Your assignment -
Everything from the "2022Ŀ 525i M\b п؅^" line to the final line of the listing should be written out exactly. Skip the pictures.
── Dataset content ──
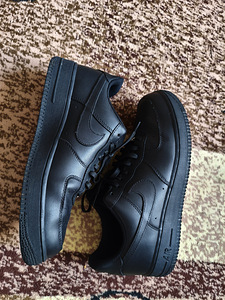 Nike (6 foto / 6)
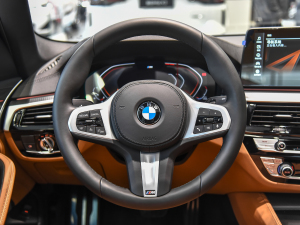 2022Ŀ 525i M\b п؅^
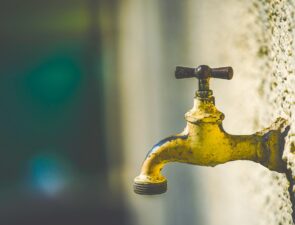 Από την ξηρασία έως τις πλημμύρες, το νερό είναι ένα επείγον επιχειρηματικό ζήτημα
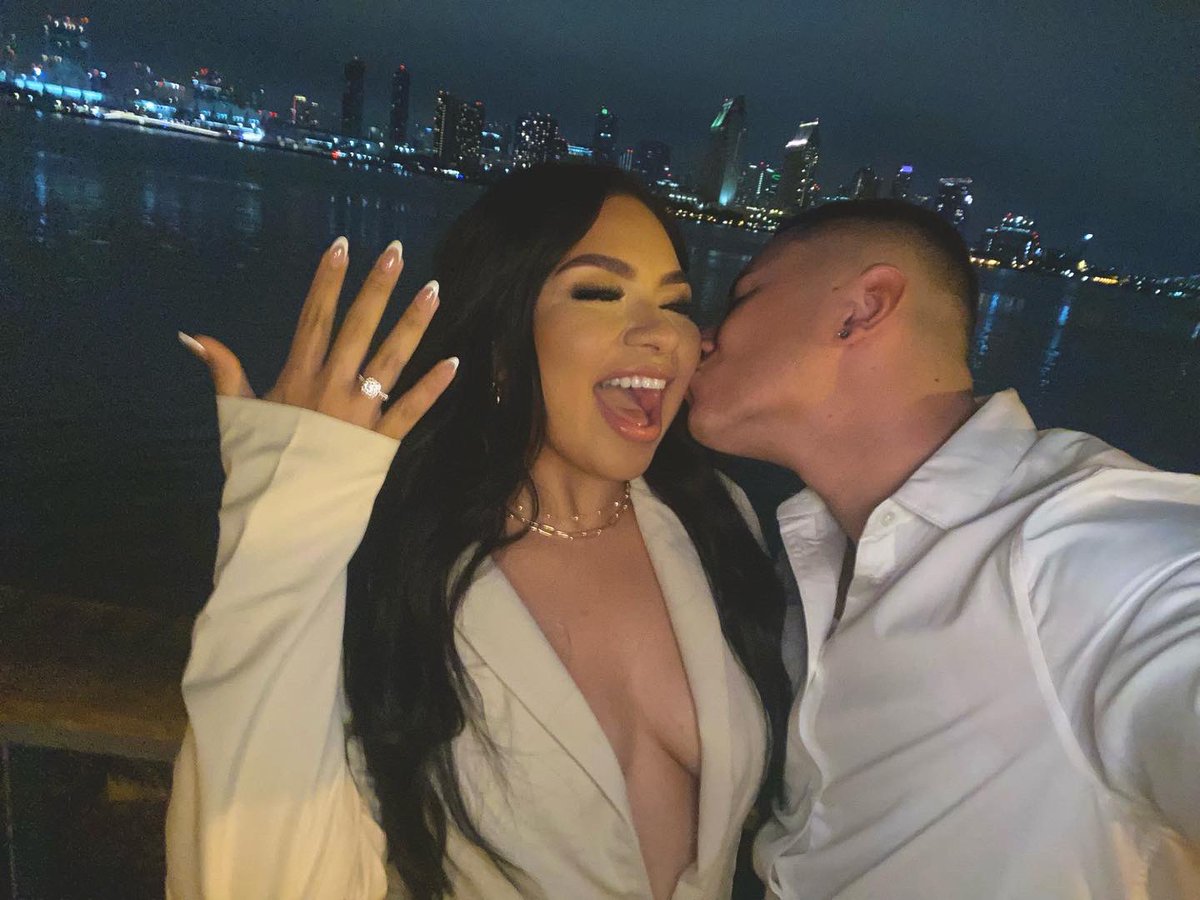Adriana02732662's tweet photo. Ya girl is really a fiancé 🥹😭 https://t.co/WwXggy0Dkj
───
Response to this task -
 2022Ŀ 525i M\b п؅^
 Από την ξηρασία έως τις πλημμύρες, το νερό είναι ένα επείγον επιχειρηματικό ζήτημα
Adriana02732662's tweet photo. Ya girl is really a fiancé 🥹😭 https://t.co/WwXggy0Dkj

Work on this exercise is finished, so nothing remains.